In contrast to the accident, a catalogue of mishap and misjudgement over which the Concordia's captain Francesco Schettino faces multiple charges, the salvage operation has so far been a tightly coordinated engineering feat.

At a cost estimated so far at more than $795 million, it is expected to be the most expensive maritime wreck recovery ever, accounting for more than half of an overall insurance loss of more than $1.1 billion.

A multinational team of 500 salvage engineers has been on Giglio for most of the past year, stabilising the wreck and preparing for the start of the lifting operation.

The ship, a floating hotel carrying more than 4,000 passengers and crew, sank when rocks tore into its hull after it came too close to shore at the start of a Mediterranean cruise.

Marine insurers who have to calculate the cost of covering a new breed of large cargo and cruise vessels will be watching the project on Giglio closely, well aware that any problems could have a significant impact on future insurance contracts.
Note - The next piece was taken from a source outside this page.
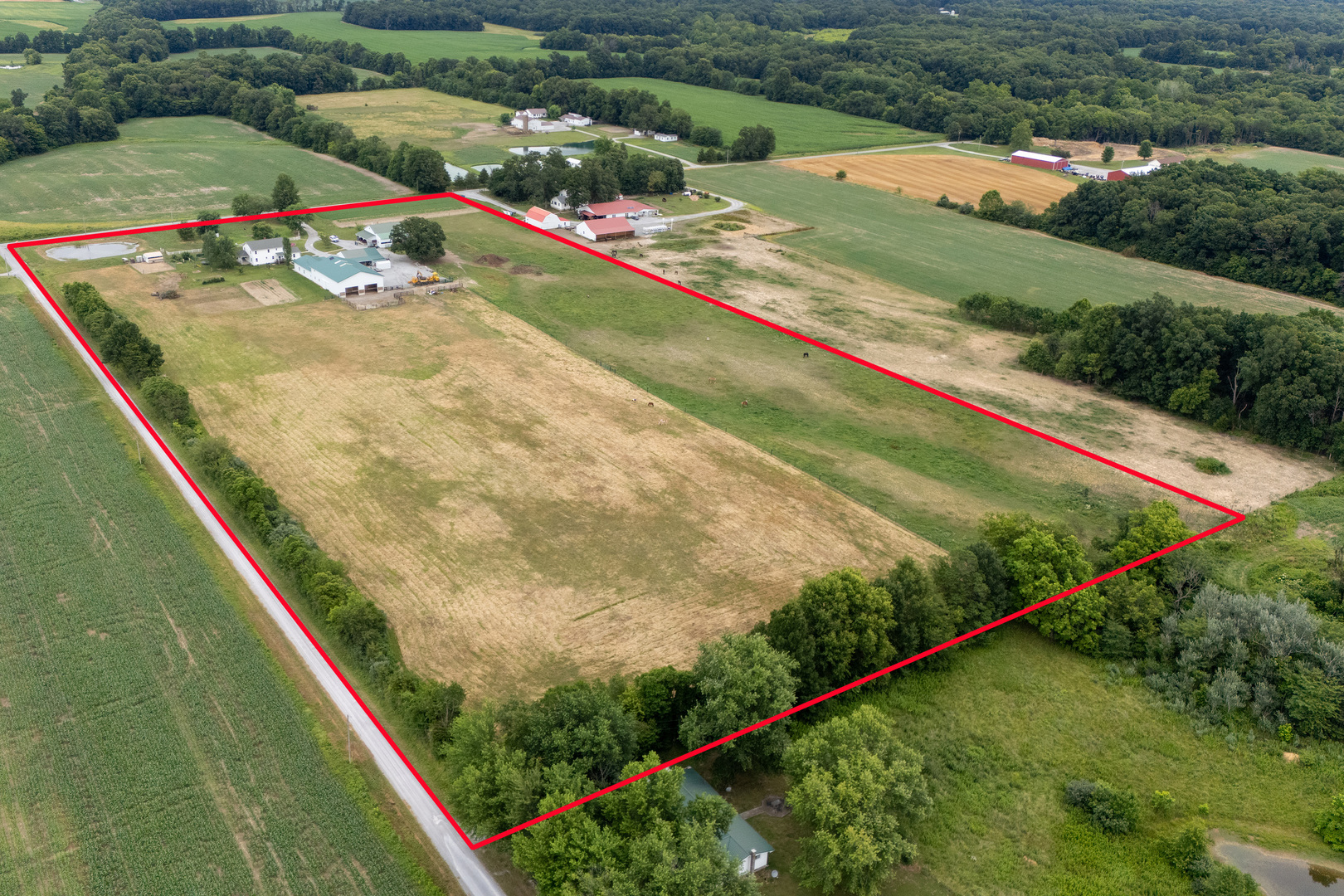 17057 E Saddle Club Road Property Photo 7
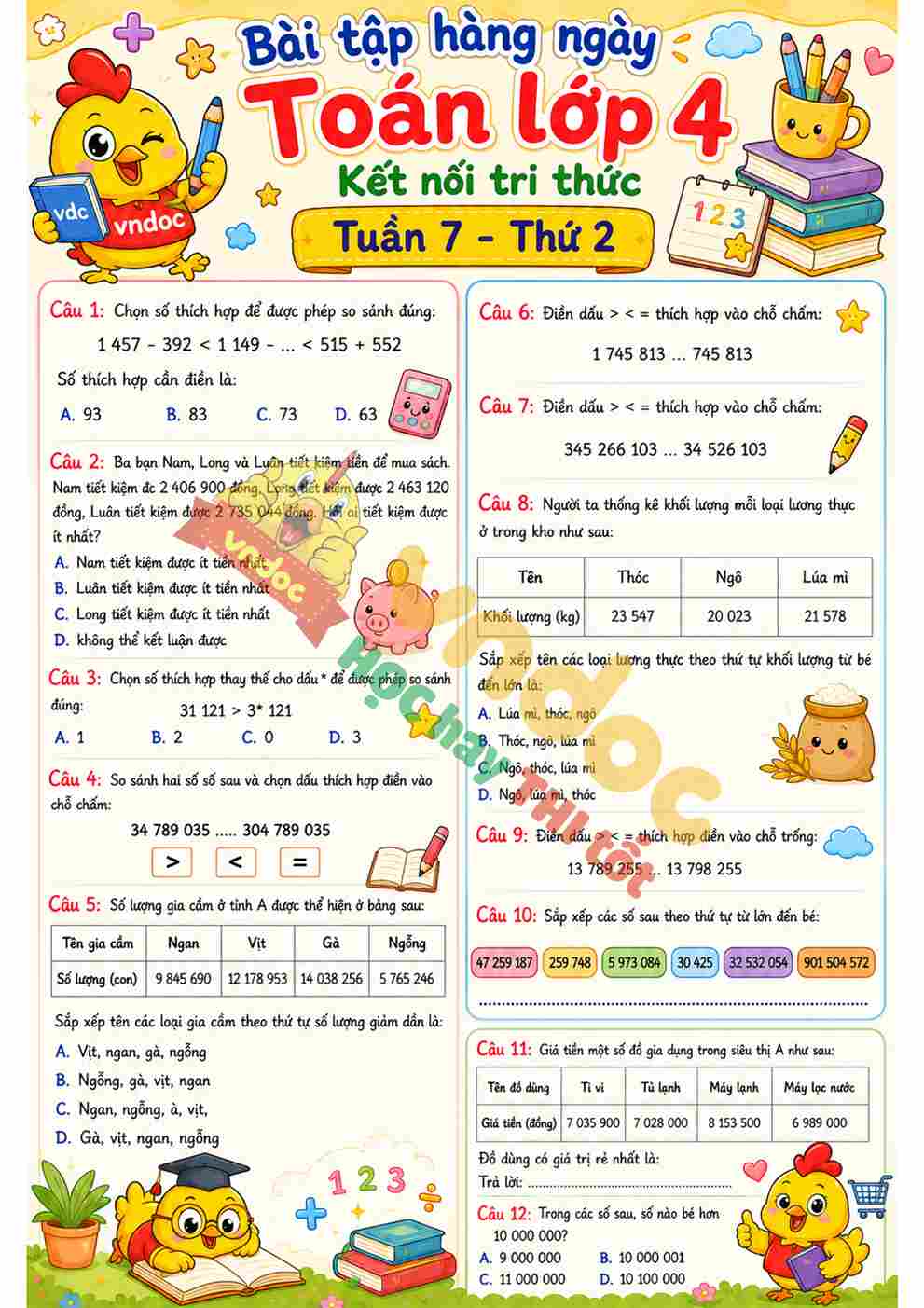 mh bthn toan 4 tuan 7 thu 2*11103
On Monday, Italian Environment Minister Andrea Orlando said that Italy, which is seeking compensation for the environmental damage caused by the wreck, should be able to put a figure to its claim once the damage to the seabed became visible.

NEVER BEFORE ATTEMPTED

Engineers say they are confident the operation will be a success, although the procedure has never before been attempted under such difficult conditions on a vessel of this size.
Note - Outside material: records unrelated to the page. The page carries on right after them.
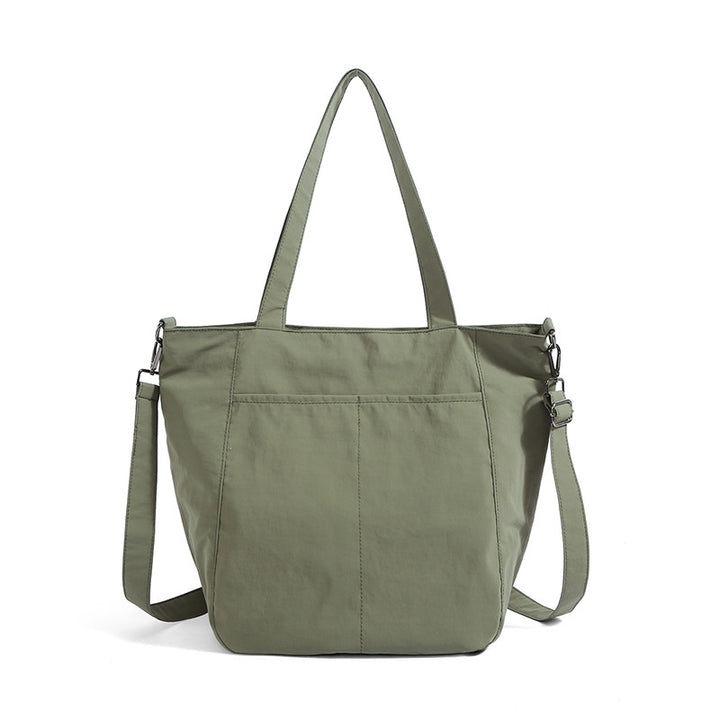 Funktionale Alltags-Tote Bag Karnz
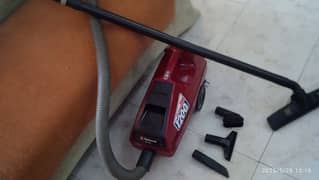 Panasonic Vacuum Cleaner (Air Power 190, 1200 W)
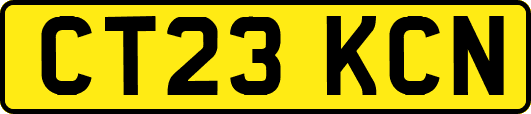 CT23KCN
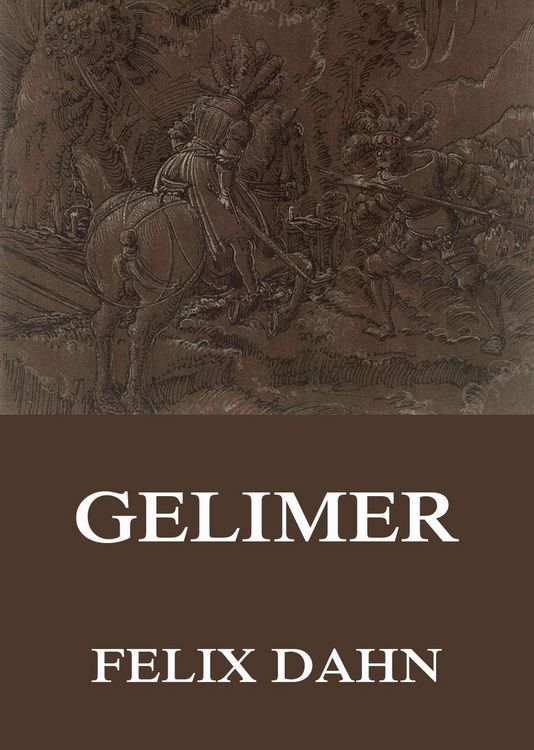 Produktbild: Gelimer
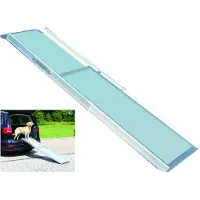 Trixie Telescopische Loopplank Petwalk voor honden Per stuk
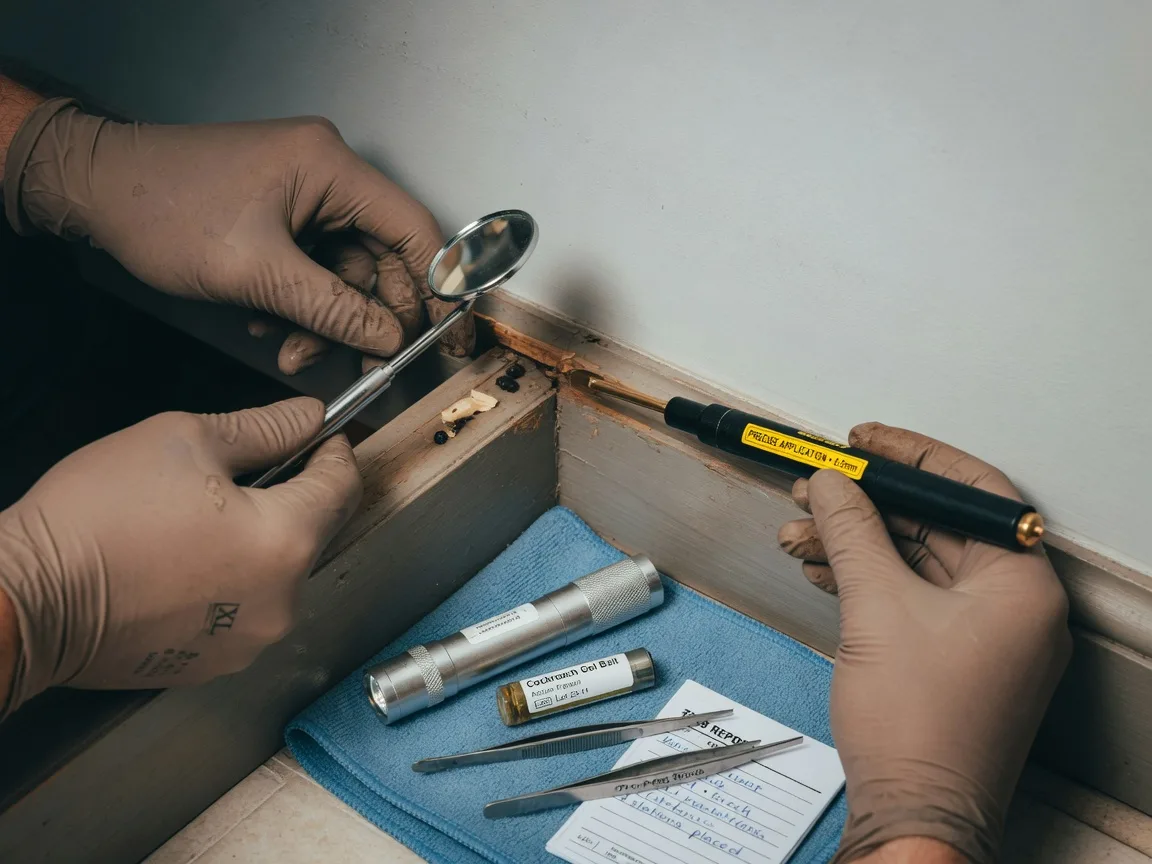 Why choose Emergency Pest Control in Utica, MI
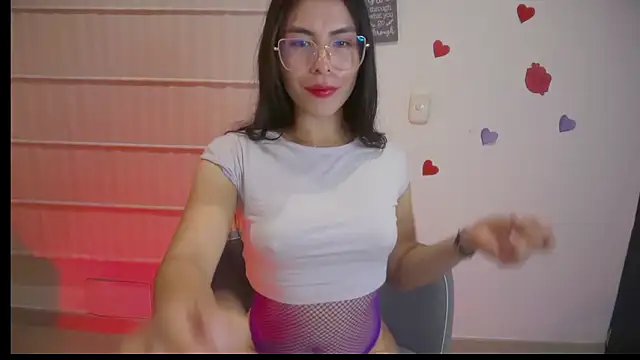 sasha jonne online show from 03/21/26, 02:57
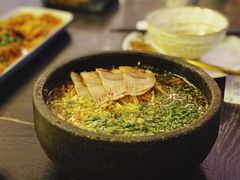 牛肉饵丝-浩海火燒雲傣家菜(静安芮欧店)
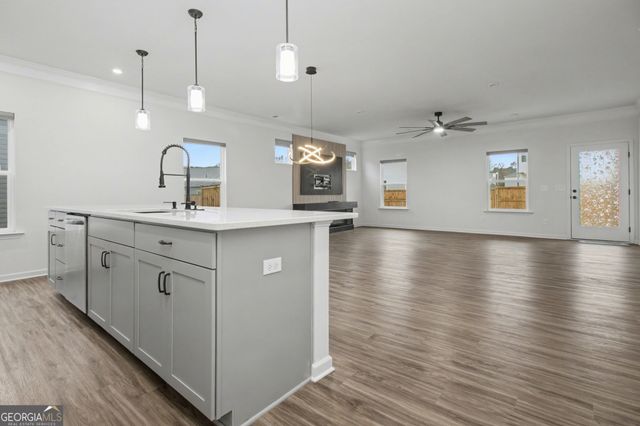 135 Marion Drive, Cartersville, GA 30120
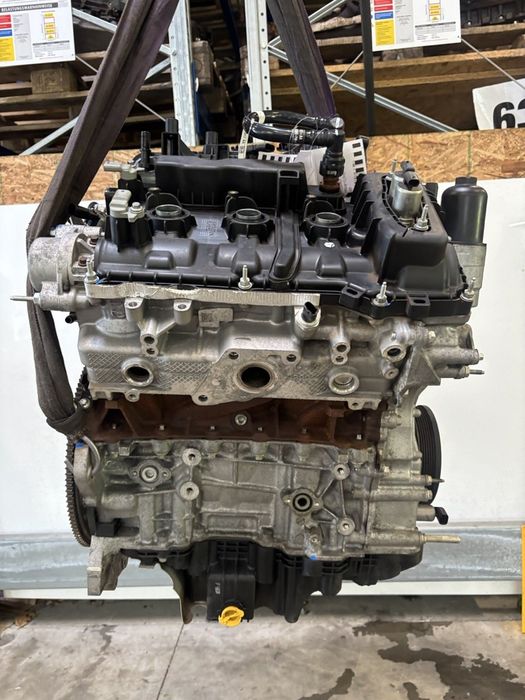 Moteur d'occasion Ford 2.7L C27PD0X-C27 – état général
“We have done parbuckling before but never on a location like this,” Nick Sloane, the South African engineer coordinating the recovery for contractors Titan Salvage, told Reuters.

“She is on the side of a mountain on the seabed, balanced on two reefs and she is a really large ship – she's three football fields long, a hundred thousand tonnes plus… So it's never been done on this scale,” he said.
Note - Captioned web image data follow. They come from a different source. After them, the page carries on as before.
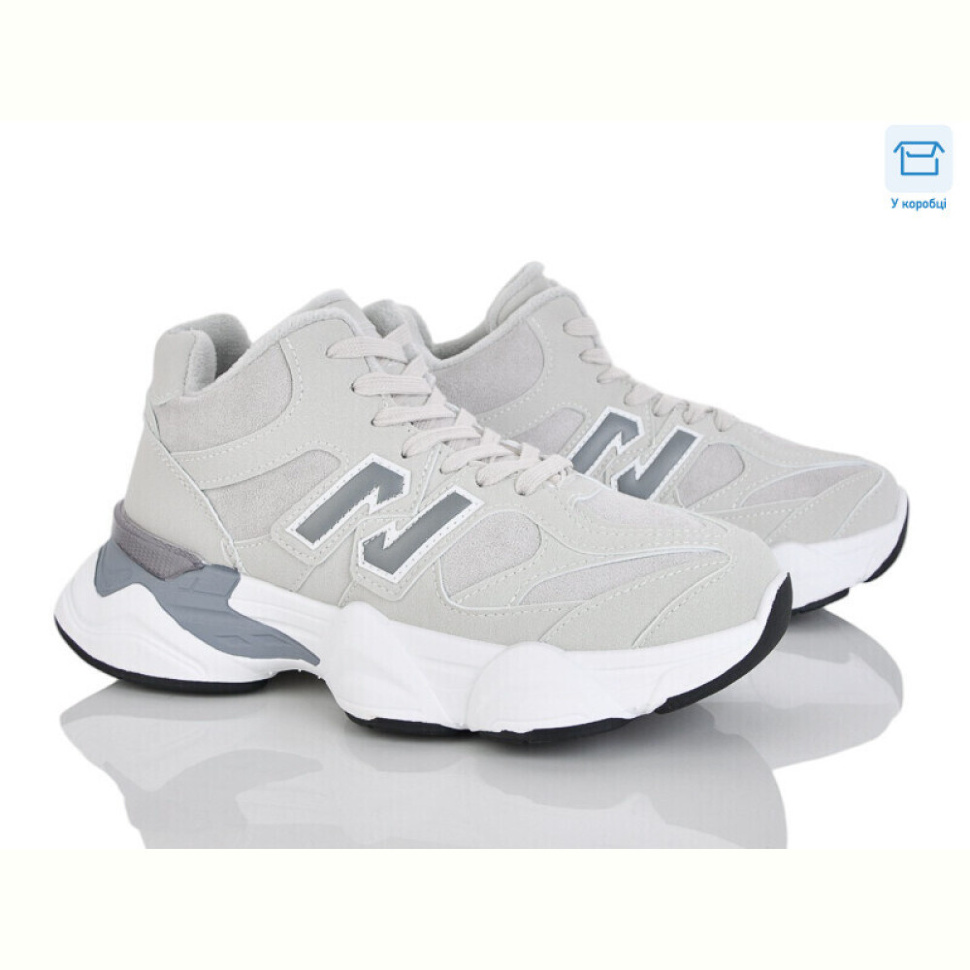 Кроссовки Pryama Vigoda 4262-2027-12-5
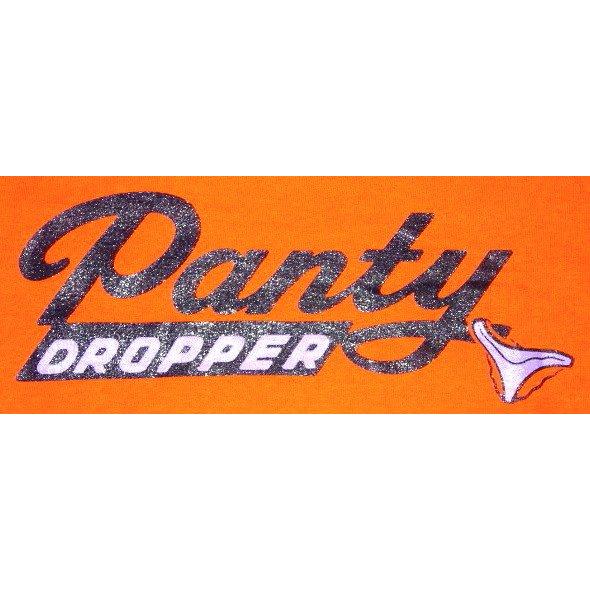 PANTY DROPPER パンティードロッパー 肉厚 スウェット生地 プル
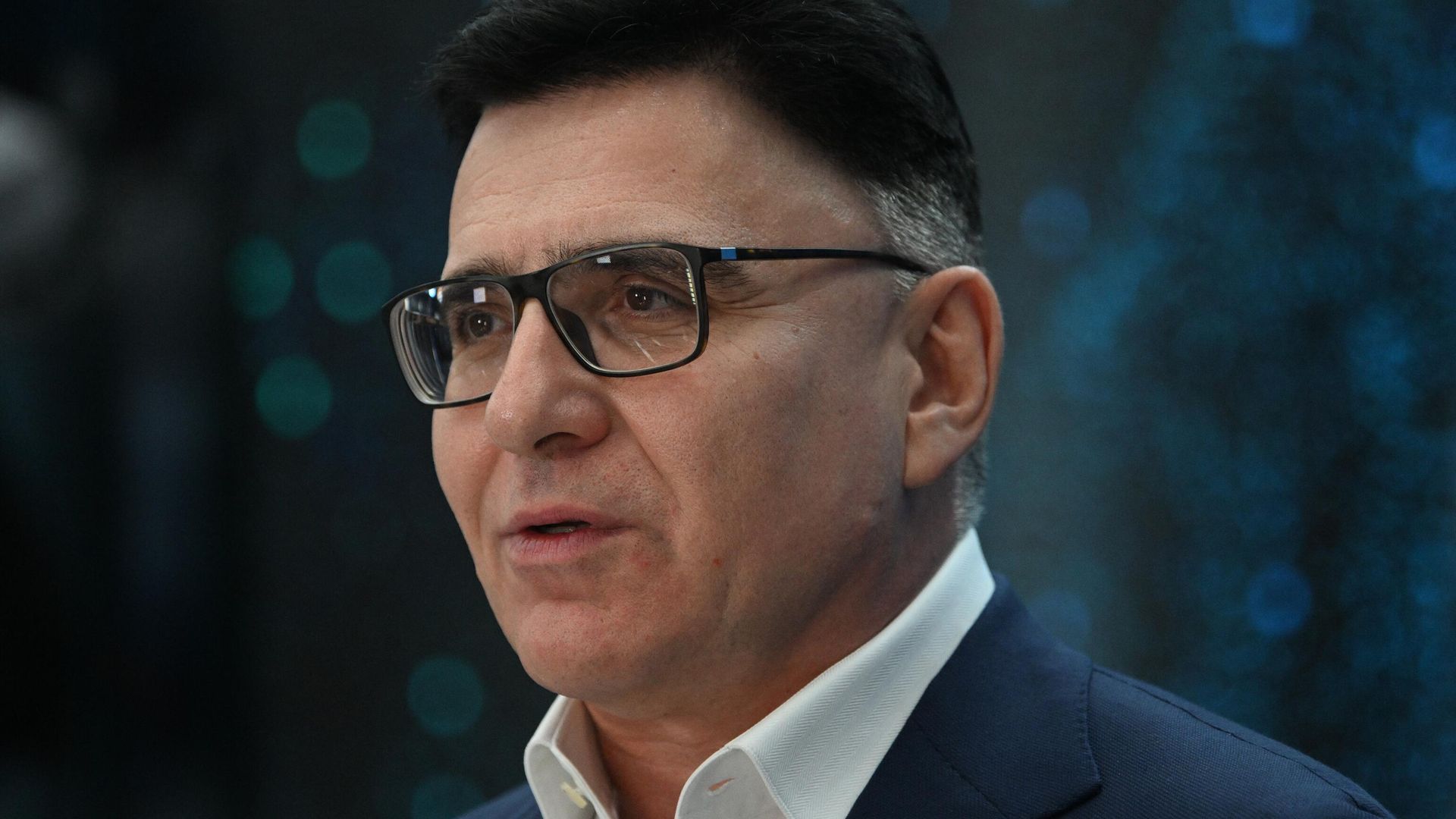 Генеральный директор Газпром-Медиа Холдинга Александр Жаров на ПМЭФ-2022 Генеральный директор Газпром-Медиа Холдинга Александр Жаров на ПМЭФ-2022 - РИА Новости, 1920, 17.06.2022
The operation is scheduled to take 10-12 hours with the most delicate phase expected at the beginning, when hydraulic pulleys begin to shift thousands of tonnes of metal off the rock bed.

“Let's say those were the most uncertain moments because we had never been able to say with any certainty how embedded the wreck was,” Girotto said.

Salvagers are waiting to see how the weakened structure will react to the strains of being pulled upright and Girotto said it was still unclear how badly damaged the section of the hull that had been resting on the ground was.

A series of 11 towers with hydraulic mechanisms controlling 450 lb cables under the ship and attached to its side will slowly rotate the vessel until it is sitting on six specially built platforms drilled into the granite rock bed.

During the operation, crews will look for the bodies of crew member Russel Rebello and passenger Maria Grazia Trecarichi.

Once the ship is upright, salvage teams will spend a number of months stabilising it and preparing for it to be re-floated with the aid of additional giant buoyancy tanks before it is towed away for scrap, probably next spring.

On Giglio, residents were hoping the wrecked ship which has given their island worldwide fame would soon be gone.

Giancarlo Farni, who said he was one of the first rescuers on the scene when the stricken Concordia went down, said the wreck had been in place for long enough. “I saw it sink and now I want to see it brought upright and taken away,” he said.